Ci sono dei dubbi su dove l'Europa abbia preso queste notizie...
«C'è un circolo, un pool. E poi c'è l'effetto eco. Gli inviati, i corrispondenti dei giornali stranieri, si vedono tra loro e si confermano nei loro pregiudizi. Dove nascono i pregiudizi? Dalla frequentazione coi giornalisti italiani. È sempre stato così. I corrispondenti si appoggiano sulla stampa nazionale. E nei giornali italiani c'è una regola aurea: ci si mette d'accordo in tre o quattro testate e si lancia una notizia molto orientata. In un attimo quella notizia diventa vera. Se la contesti, ti dicono: Beh, l'hanno scritta quattro giornali!. Già, ma sono sempre gli stessi. Sono sempre il pool che fece Mani pulite».
Però questo rapporto suona come una condanna per l'Italia
«Si enfatizza questo rapporto che dovrebbe confermare l'isolamento dell'Italia. L'orbanizzazione del governo Meloni. E si minimizza il fatto che dopo le elezioni la Francia è sotto osservazione per i suoi conti pubblici perché c'è il debito alto e una fortissima incertezza politica ed economica.
Si parla di interferenza della politica sulla magistratura proprio nei giorni dell'arresto di Giovanni Toti.
«Non c'è nessuna interferenza della politica. C'è il dominio della magistratura. L'Italia vive del tutto sotto gli standard dello stato di diritto. Lo stato di diritto qui da noi è stato smantellato dal 1992 in poi. L'altro giorno è avvenuta una cosa che dovrebbe preoccupare le democrazie europee. C'è stato un corteo forcaiolo per chiedere le dimissioni di Toti, detenuto dai magistrati. Questa è una riedizione delle monetine contro Craxi del '93».
Esiste allora il tema dello stato di diritto?

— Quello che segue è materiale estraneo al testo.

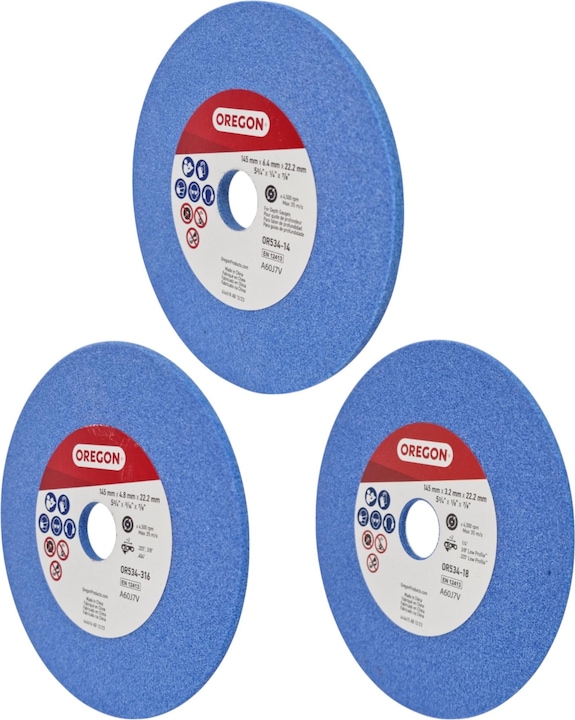 Actual product image Oregon 520-230 Chain grinder 214 watt 145 mm for saw chains 520 series (Saw blade sharpener, 214 W)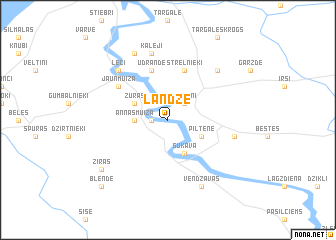 map of Landze
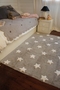 Lorena Canals Grey Stars White 120 x 160 cm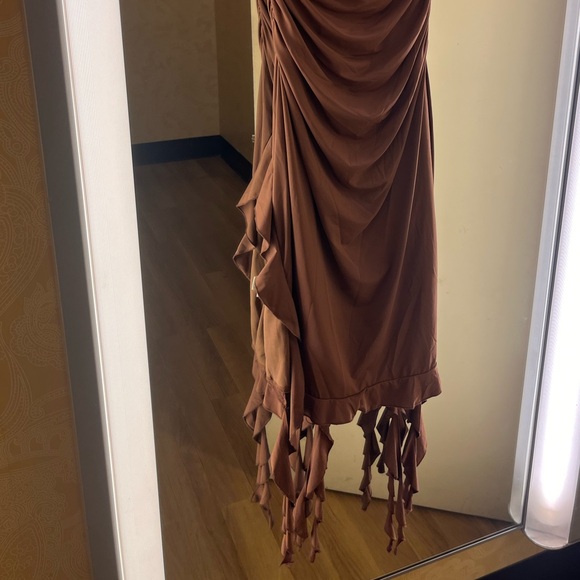 NWT ⚜️🖤⚜️ Thirty Thirty LA Sexy Ruffle Side Tube Dress BLACK - Picture 12 of 13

«Certo. Lo stato di diritto è sbriciolato. È infinito il numero di amministratori, sindaci, presidenti di regioni, ministri, sottosegretari, parlamentari, di tutti i partiti, finiti sotto accusa: tutti, tranne pochissime eccezioni, regolarmente assolti».
Dice l'Europa che c'è poca libertà per i giornalisti
«C'è piena libertà. E i giornalisti la usano per fare copia e incolla con le carte che arrivano dalle Procure. In genere migliaia di fogli di intercettazioni con i post-it per indicare quali sono quelli da leggere».
La libertà di stampa è limitata?
«No, non mi sembra. La libertà di stampa è quella cosa determinata dal pluralismo. E il pluralismo da noi è totale».
Ci parli di Toti.
«Se non ammette di condividere le cose che dicono di lui i magistrati non lo liberano».
L'Europa critica la separazione delle carriere
«Già. E non sa che nella maggioranza dei Paesi europei c'è la separazione delle carriere».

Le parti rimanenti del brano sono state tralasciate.